In late 1984, the CCITT (currently the ITU-T) organized an expert group to develop a standard for visual telephony for ISDN services. The idea was to send images and sound between special terminals, so that users could talk and see each other. This type of application requires sending large amounts of data, so compression became an important consideration. The group eventually came up with a number of standards, known as the H series (for video) and the G series (for audio) recommendations, all operating at speeds of p×64 Kbit/s for p = 1, 2, . . . , 30.
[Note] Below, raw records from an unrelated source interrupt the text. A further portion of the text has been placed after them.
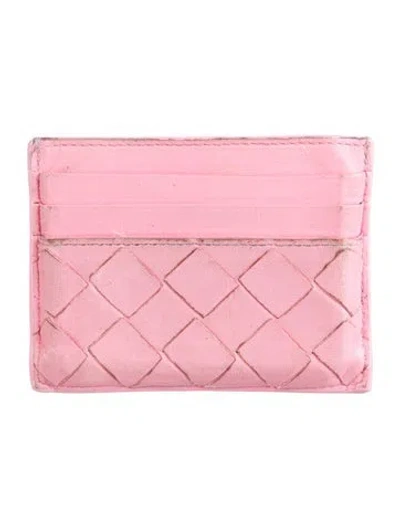 Pre-owned Bottega Veneta Credit Card Case Intrecciato Weave Card Holder In Pink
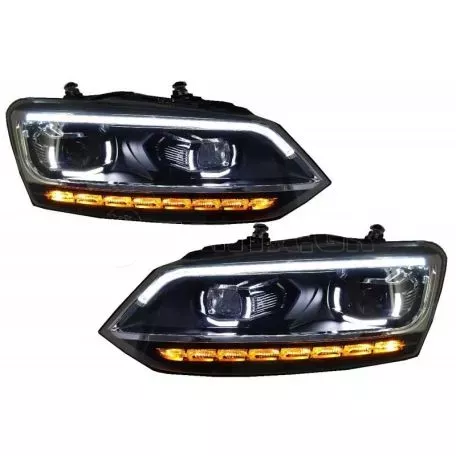 Μπροστινά Φανάρια Set Για Vw Polo 6R/6C 09-17 DRL Passat Matrix Look & Dynamic Φλας Full Led Με Μοτέρ Carner 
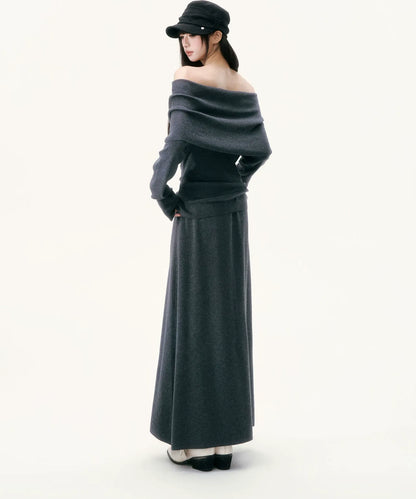 Wool Blend Off-Shoulder Skirt Set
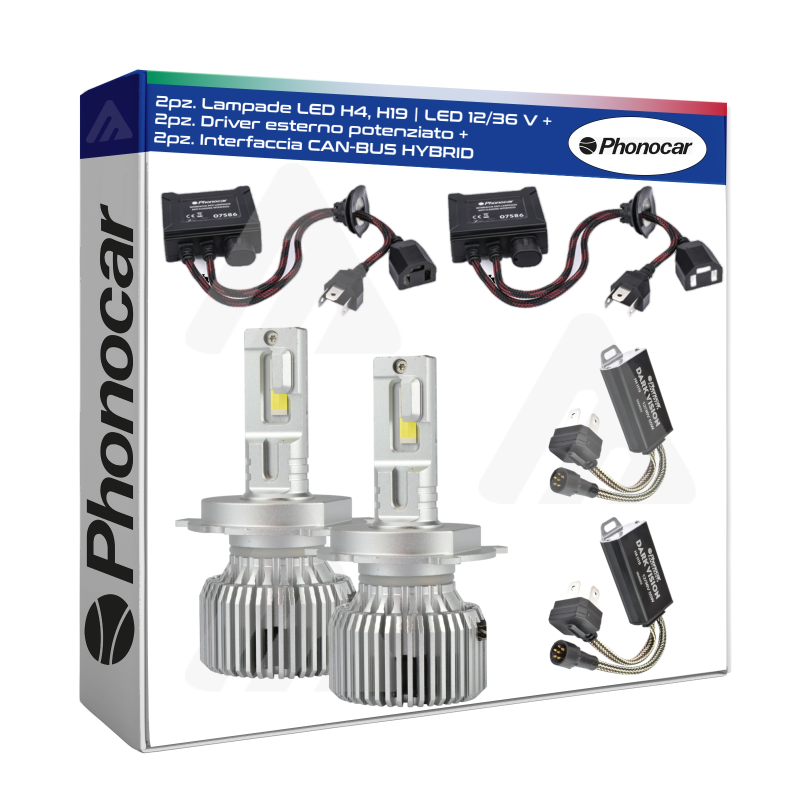 Coppia Lampade H4, H19 | LED 12/36 V Phonocar 8500 Lm CAN BUS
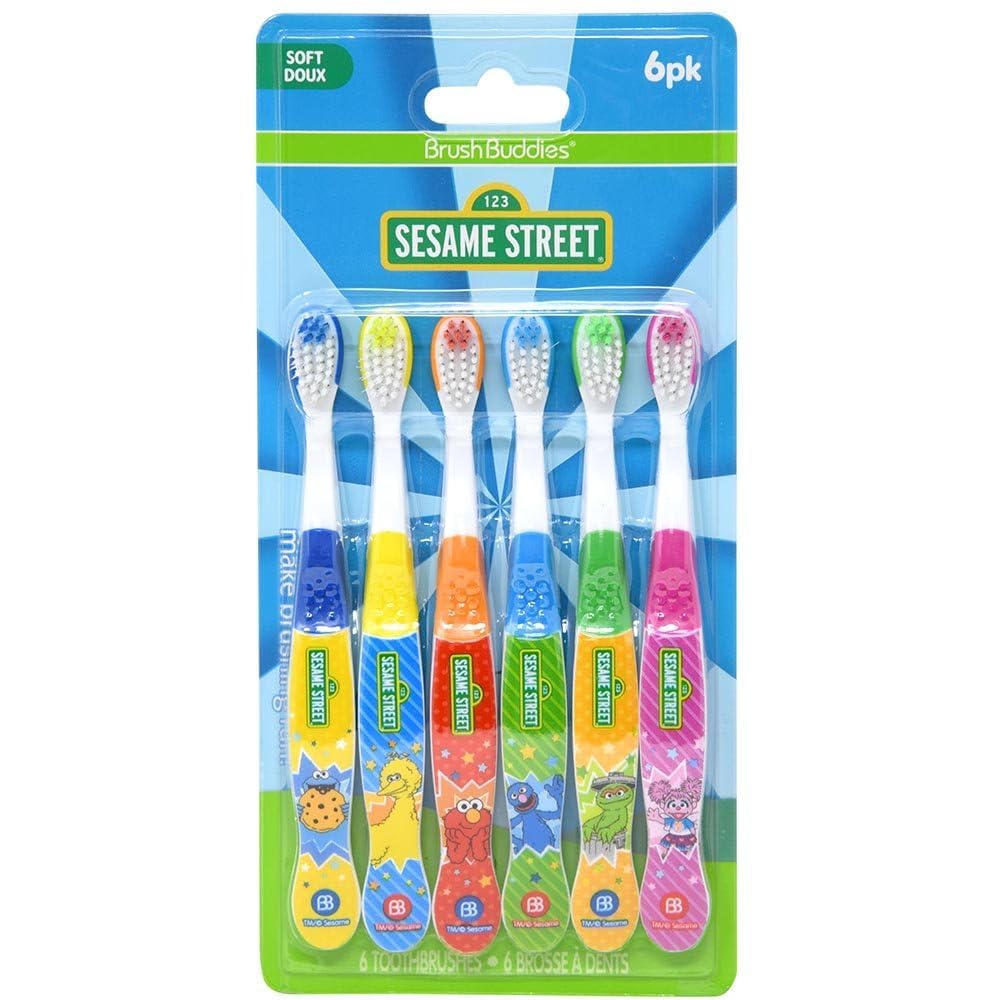 Brush Buddies Sesame Street Kids’ Toothbrushes – Soft Bristles for Ages 2-4 (6-Pack)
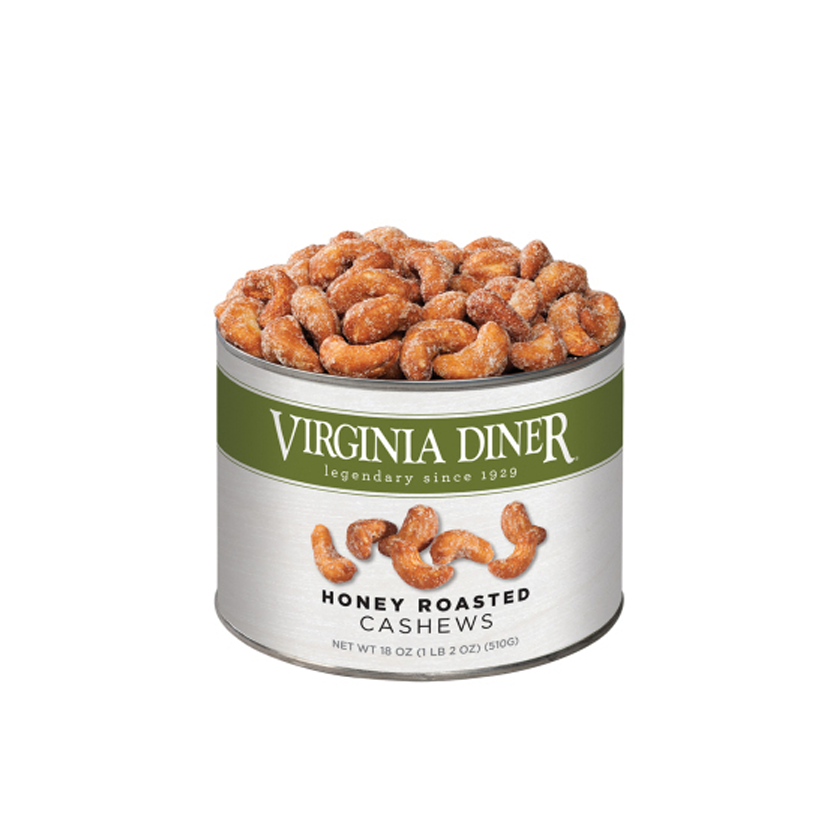 Virginia Diner Cashews Honey Roasted Tin 18oz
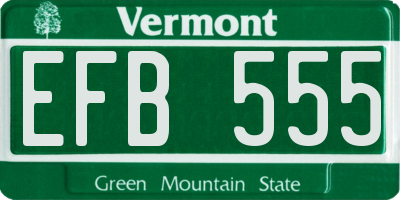 VT license plate EFB555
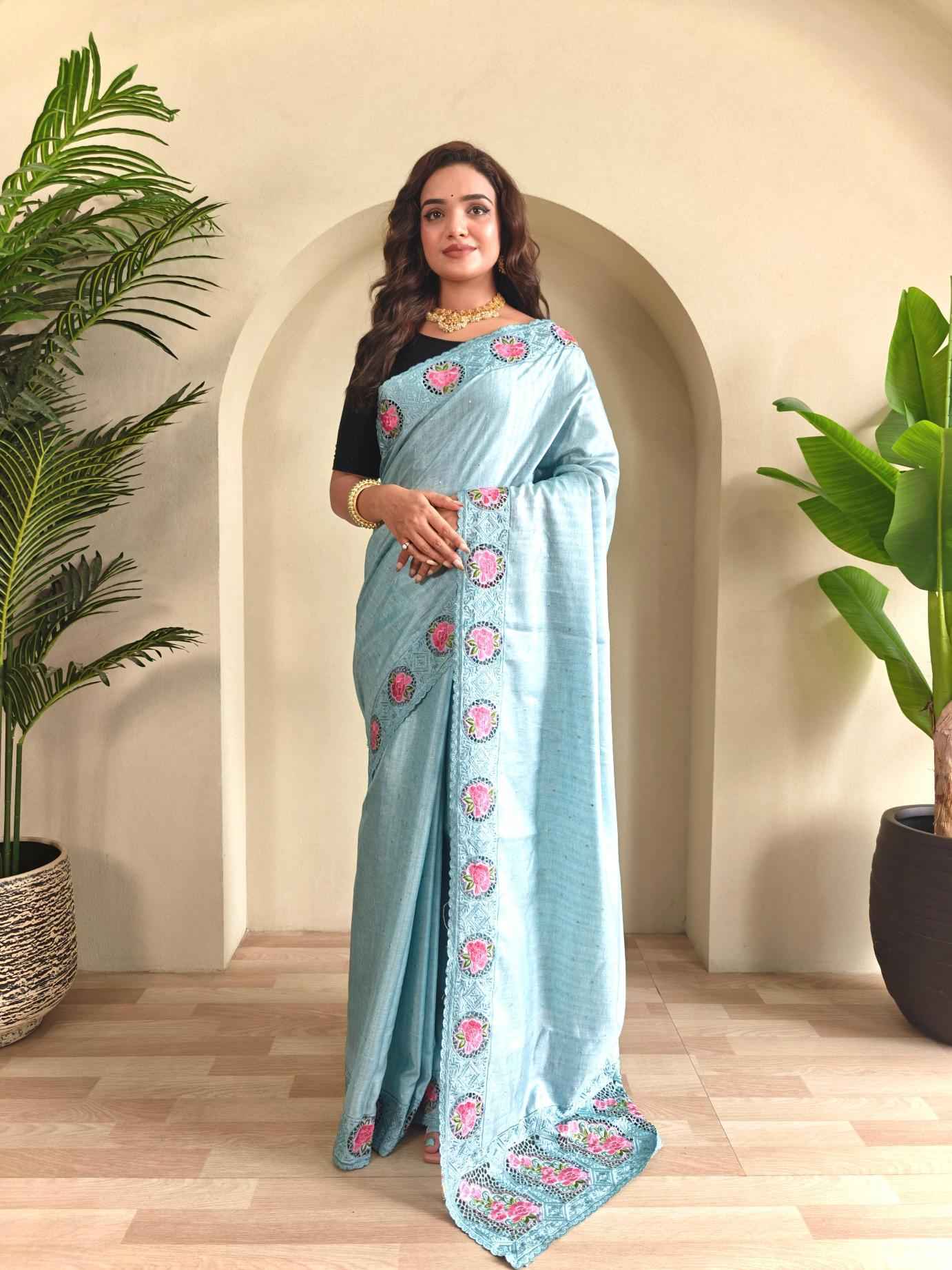 SOFT TUSSAR SILK EMBROIDERED WITH CUTWORK SAREE AT WHOLESALE PRICE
Members of the p×64 also participated in the development of MPEG, so the two methods have many common elements. There is, however, one important difference between them. In MPEG, the decoder must be fast, since it may have to operate in real time, but the encoder can be slow. This leads to very asymmetric compression, and the encoder can be hundreds of times more complex than the decoder. In H.261, both encoder and decoder operate in real time, so both have to be fast. Still, the H.261 standard defines only the data stream and the decoder. The encoder can use any method as long as it creates a valid compressed stream. The compressed stream is organized in layers, and macroblocks are used as in MPEG. Also, the same 8×8 DCT and the same zigzag order as in MPEG are used. The intra DC coefficient is quantized by always dividing it by 8, and it has no dead zone. The inter DC and all AC coefficients are quantized with a dead zone. Motion compensation is used when pictures are predicted from other pictures, and motion vectors are coded as differences. Blocks that are completely zero can be skipped within a macroblock, and variable-size codes that are very similar to those of MPEG (such as run-level codes), or are even identical (such as motion vector codes) are used. In all these aspects, H.261 and MPEG are very similar. There are, however, important differences between them. H.261 uses a single quantization coefficient instead of an 8×8 table of QCs, and this coefficient can be changed only after 11 macroblocks. AC coefficients that are intra coded have a dead zone. The compressed stream has just four layers, instead of MPEG’s six. The motion vectors are always full-pel and are limited to a range of just ±15 pels. There are no B pictures, and only the immediately preceding picture can be used to predict a P picture.